Exercise: Among the entries below, which lines run from the line with "boohoo-rozowy-gladki-t-shirt-krotki-rekaw-xs-mzz88418" through the line with "Alu kola 5x112 r18 - 5"? Retype those, both ends included, exactly and without pictures.

Task inputs:
BEGIN

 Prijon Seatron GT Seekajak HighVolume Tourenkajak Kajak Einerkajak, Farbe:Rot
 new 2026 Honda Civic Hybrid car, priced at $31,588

END
BEGIN

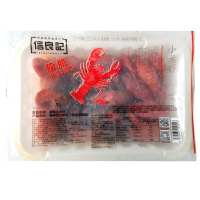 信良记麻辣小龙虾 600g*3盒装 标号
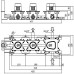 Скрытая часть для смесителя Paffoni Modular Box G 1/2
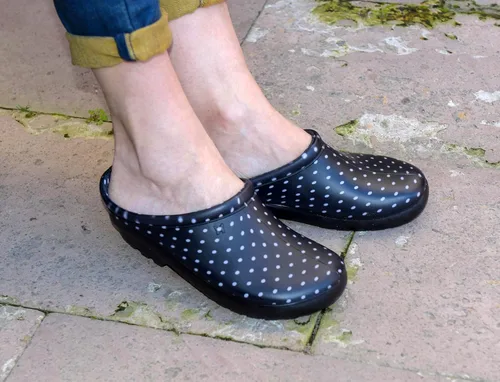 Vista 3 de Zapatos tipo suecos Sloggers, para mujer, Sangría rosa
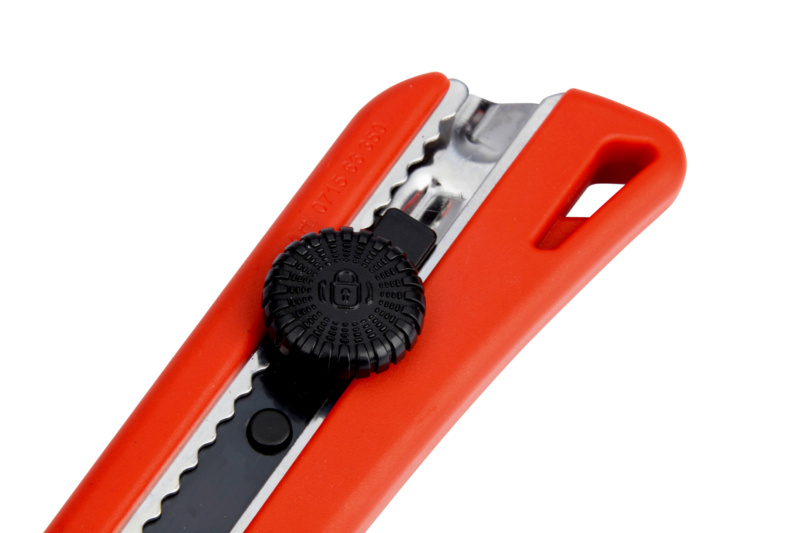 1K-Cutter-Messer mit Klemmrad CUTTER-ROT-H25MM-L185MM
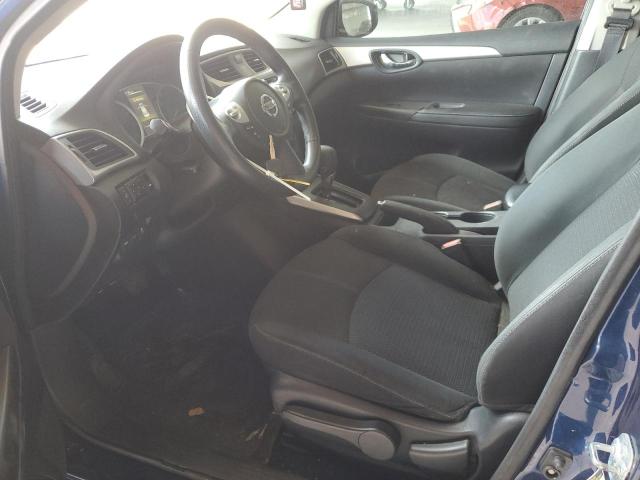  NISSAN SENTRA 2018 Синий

END
BEGIN

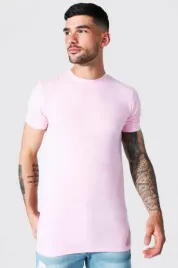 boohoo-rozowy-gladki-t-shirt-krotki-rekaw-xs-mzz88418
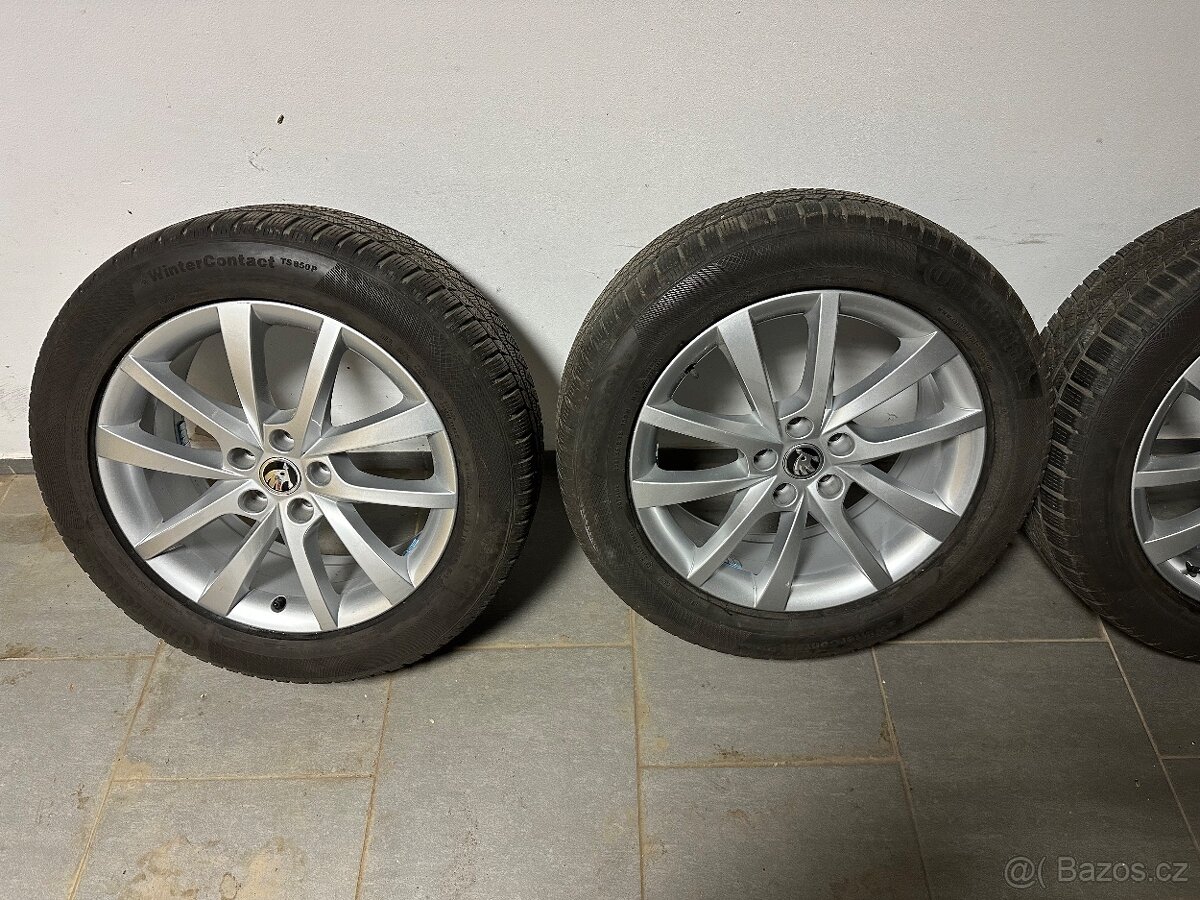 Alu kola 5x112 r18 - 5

END

Output for this task:
 boohoo-rozowy-gladki-t-shirt-krotki-rekaw-xs-mzz88418
 Alu kola 5x112 r18 - 5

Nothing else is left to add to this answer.